En una de las habitaciones de la segunda planta de la casa de Hauptstrasse, Salettl observaba a Eric y Edward que se ayudaban mutuamente a anudarse los corbatines al cuello de sus camisas de gala. Si no fueran gemelos, se decía, podrían pasar por una pareja de jóvenes amantes.
– ¿Cómo os sentís? -preguntó.
– Bien -contestó Eric volviéndose rápidamente hasta casi cuadrarse.
– Y yo igual -dijo Edward como un eco.
Salettl se quedó observando un momento y luego salió.
Abajo, atravesó un pasillo revestido de paneles de encina y luego entró en un gabinete con el mismo decorado donde Scholl, impecable en su frac blanco, permanecía de pie junto al fuego crepitante de la chimenea con una copa de coñac en la mano. Uta Baur estaba en una silla a su lado luciendo uno de sus modelos negros, fumando un cigarrillo turco con boquilla.
– Von Holden está con Lybarger -informó Salettl.
– Ya lo sé -contestó Scholl.
– Es una lástima que el policía haya involucrado al cardenal…
– Usted debería preocuparse exclusivamente de Eric y Edward y del señor Lybarger -dijo Scholl con una sonrisa fría-. Esta noche nos pertenece, estimado doctor.
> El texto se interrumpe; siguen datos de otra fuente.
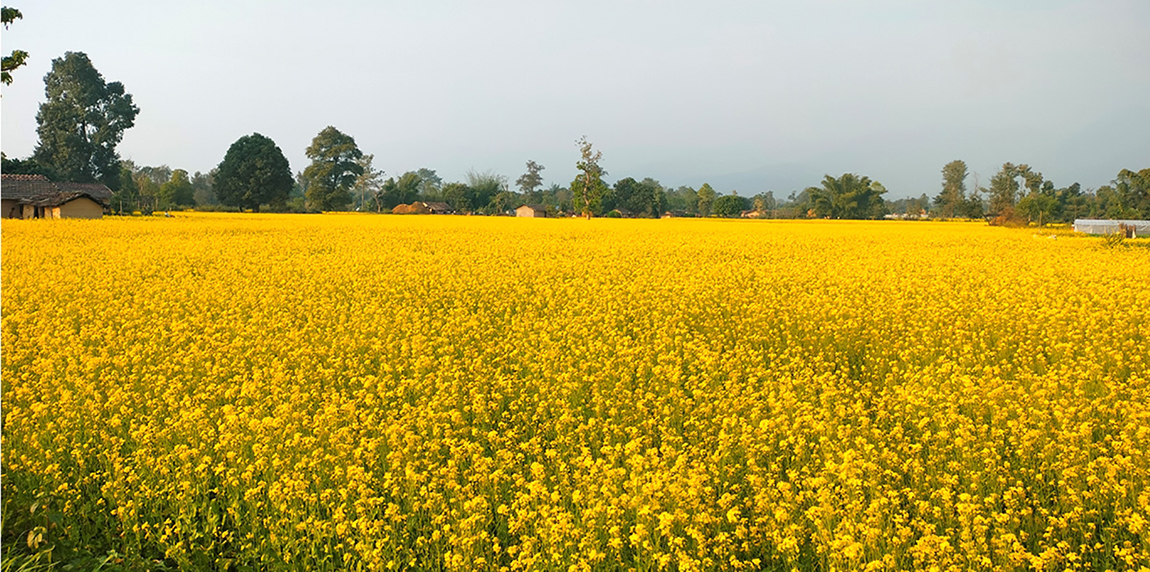 आजका तस्बिर- मंसिर २६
Nos pertenece entera -dijo, y de pronto desvió la mirada-. No sólo para los vivos sino para los muertos, todos aquellos que tuvieron la visión, el valor y la dedicación para iniciar esto. Esta noche es para ellos. Para ellos descubriremos, saborearemos y tentaremos el futuro. -Scholl volvió a mirar a Salettl-. Y nada, mi estimado doctor -dijo en un susurro-, nada podrá arrebatárnosla.